[Problem statement]
Please give every line below again exactly, but not its pictures.

[Source material]
──────────
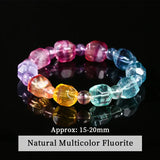 JD Natural Multicolor Fluorite Faceted Irregular Bead Bracelets Women Genuine Luxury Reiki Healing Stretch Bangles Female Gifts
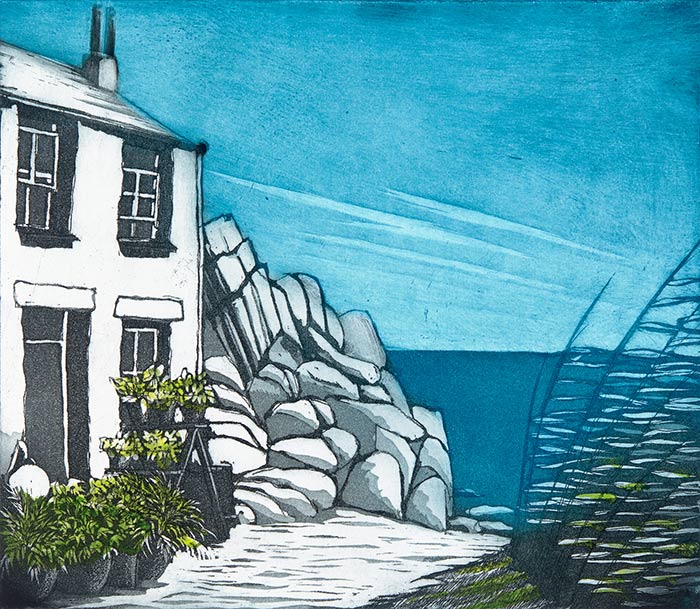 By the Sea by Morna Rhys. This etching by Morna Rhys is an orignal artwork. It depicts a Cornish scene of a cottage by the sea. It is exhbited at norton Way Gallery Hertfordshire.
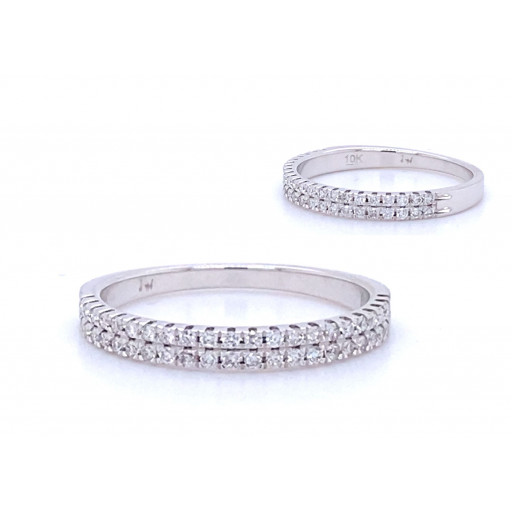 Tiffany Inspired Double Row Claw Set Diamond Band in 10K White Gold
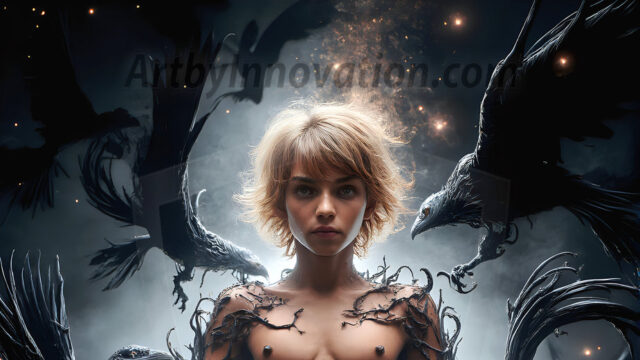 AI male art photos with a fantastical atmosphere. Imagine a Hogwarts School of Witchcraft student, from the Harry Potter series, a handsome, beautiful, and attractive, shirtless young teenage boy, standing firm against a threat. With a detailed Hogwarts castle background, casting a powerful spell, conjuring creatures based on their assigned house crest. From Demonic snakes, powerful lions, fierce badgers, or a murder of Crows. Dementors floating ominously in a cloudy sky, and sparks, shadows, and cinematic lighting, offering an otherworldly vibe.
──────────
[Answer to this problem]
 JD Natural Multicolor Fluorite Faceted Irregular Bead Bracelets Women Genuine Luxury Reiki Healing Stretch Bangles Female Gifts
 By the Sea by Morna Rhys. This etching by Morna Rhys is an orignal artwork. It depicts a Cornish scene of a cottage by the sea. It is exhbited at norton Way Gallery Hertfordshire.
 Tiffany Inspired Double Row Claw Set Diamond Band in 10K White Gold
 AI male art photos with a fantastical atmosphere. Imagine a Hogwarts School of Witchcraft student, from the Harry Potter series, a handsome, beautiful, and attractive, shirtless young teenage boy, standing firm against a threat. With a detailed Hogwarts castle background, casting a powerful spell, conjuring creatures based on their assigned house crest. From Demonic snakes, powerful lions, fierce badgers, or a murder of Crows. Dementors floating ominously in a cloudy sky, and sparks, shadows, and cinematic lighting, offering an otherworldly vibe.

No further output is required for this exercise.